> WHAT YOU NEED TO DO: Search the data for the word "Picture". Reproduce every line where it is found.

> SUPPLIED INFORMATION:

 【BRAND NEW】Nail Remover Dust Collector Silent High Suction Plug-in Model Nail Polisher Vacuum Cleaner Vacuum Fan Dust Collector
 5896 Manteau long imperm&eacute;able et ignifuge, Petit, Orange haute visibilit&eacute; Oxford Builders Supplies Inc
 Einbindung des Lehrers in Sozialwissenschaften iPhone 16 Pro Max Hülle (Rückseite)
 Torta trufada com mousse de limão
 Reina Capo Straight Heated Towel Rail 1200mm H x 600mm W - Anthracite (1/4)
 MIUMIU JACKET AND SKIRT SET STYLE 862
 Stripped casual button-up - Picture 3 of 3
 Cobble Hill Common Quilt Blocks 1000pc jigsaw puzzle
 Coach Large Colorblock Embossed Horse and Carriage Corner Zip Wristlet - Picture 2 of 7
---
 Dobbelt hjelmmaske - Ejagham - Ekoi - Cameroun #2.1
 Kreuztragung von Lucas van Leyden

> THE ANSWER:
 Stripped casual button-up - Picture 3 of 3
 Coach Large Colorblock Embossed Horse and Carriage Corner Zip Wristlet - Picture 2 of 7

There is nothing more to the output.